Croatia, Child of a Nationalistic Mother and Communist Father.

 

 

The modern day Croatian Republic increasingly struggles with the realities of its past present and indeed future, this in recent days can be seen with the visit of Serbia’s supreme leader (I dare not call him a President as this is too stately an accolade) Aleksander Vucic, the diplomatic disarray shown by our leadership, and the outcry from all quarters of Croatian citizenship questioning not only the Presidency but also our true identity as a nation.

That identity can be pinpointed, but the reality is that today’s modern republic is the bastard child of an unlikely couple and this has led to the identity crisis it faces and accordingly that which its citizens and the Diaspora face.

The war of 1990 – 1995 brought together two very unlikely entities, those that could be categorised as communist regime Croatians of the old Yugoslavia, who would at worst describe themselves as ex-socialists under a new democratic banner, and the offspring of the NDH (Independent State of Croatia) era both within the country itself but to a much greater degree in the Diaspora.

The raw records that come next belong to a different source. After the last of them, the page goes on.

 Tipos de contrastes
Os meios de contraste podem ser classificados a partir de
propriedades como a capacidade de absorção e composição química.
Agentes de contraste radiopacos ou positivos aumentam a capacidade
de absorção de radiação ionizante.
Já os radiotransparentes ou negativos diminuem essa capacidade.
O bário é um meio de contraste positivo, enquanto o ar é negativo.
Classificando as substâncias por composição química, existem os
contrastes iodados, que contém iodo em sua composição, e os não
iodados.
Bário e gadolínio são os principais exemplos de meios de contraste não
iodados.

If we consider the main political parties that had a greater influence as the war of independence played out, two clearly stand out, obviously HDZ (Croatian Democratic Party) but as importantly HSP (Croatian Party of Rights) for the simple fact that it formed and decisively influenced the outcome of the war through the military success of HOS.

While HDZ represented the legitimately appointed political party elected by the nation, it was HSP that represented the nationalistic hopes and aspirations of decades long subdued nationalists both within and outside the nation during the Yugoslav era. HDZ was in essence a compromise, while it weighed heavily upon the nationalistic desires and hopes of a nation to regain its identity, it needed to walk a tight rope between what many saw as a flawed era in our past being the resurgence of Croatian statehood during 1941-1945, creating a safe haven for those that had been aligned to the communist era regime, and finally satisfying the expectations of other nations it was relaying upon for recognition and what their expectations were of this emerging republic.

As weak as this child was at birth in 1990, it could not have survived had it not been nurtured by its strong nationalistic mother, that mother was directly the offspring of the NDH and by the time 1995 and Oluja (Operation Storm) played itself out the communist father to use an analogy “Deserted the mother and absconded with the child”

It is for this reason that today we find a nation at odds with itself, bitterly divided, profoundly militant toward its leaderships policy, yet subdued by economic hardship that dictates just how boisterous and outspoken it can be, it is a child with an identity crisis which must be resolved once and for all.

As I have written previously, post May 1945, the majority of Croatians immigrated to almost every capital city worldwide, they had either lived through the war, survived the krizni put (Forced march), or had been children who either experienced the war or its aftermath, they were witnesses to the atrocities, they had experienced the resurgence of Croatian statehood and culture albeit for only a few years after centuries of sublimation.

They preserved what the NDH had delivered to the people in those times and the NDH and its leadership was respected for this above all else.

That passion to renew did not die in the mass graves of Tito’s design and direction, it escaped, it flourished, and it worked collectively and in a unified manner awaiting, planning building for the day when Croatia would once again become the NDH or Independent State of Croatia.

The painful truth is that today’s Croatia is the child of the NDH that had preceded it, it was the children of the NDH and their children who came to the call when the time came, and the nation rose wearily from its knees and required support. Before that it was these individuals who set matters in motion internationally so as when the war started for independence a city like Vukovar would not be sacrificed in vain nor would that city become the flash point nor end of the dream.

If Croatians had not kept the fire lit and alive in the Diaspora, the dream of an Independent Croatia would have died with them as they had represented a Croatian statehood in exile that continued while a nation was incarcerated by a totalitarian regime hell bent on killing it.

The history of the NDH, what it truly represented, and the determination of those in exile became the umbilical chord when the child was conceived providing not only fiscal support but having also laid the foundations politically and culturally within their adopted nations over that 50 odd year period, guaranteed recognition of the republic.

The child has been betrayed, and only by reconnecting with it maternal past, reassessing its morals, and disinheriting its father can it ever hope to regain its identity and guarantee its future.

This can only occur through a protest by the child in the ballots, a sweeping change in the political balance towards a nationalistic government which puts the nation and its people as the first and only priority in its decision making process, where legislative change removes the economic shackles its citizens endure and allows for true democratic reforms and lustration which was never delivered after the conclusion of the war of independence in 1995, without these occurring, the child will never gain a true identity nor future and will always be conflicted by its past.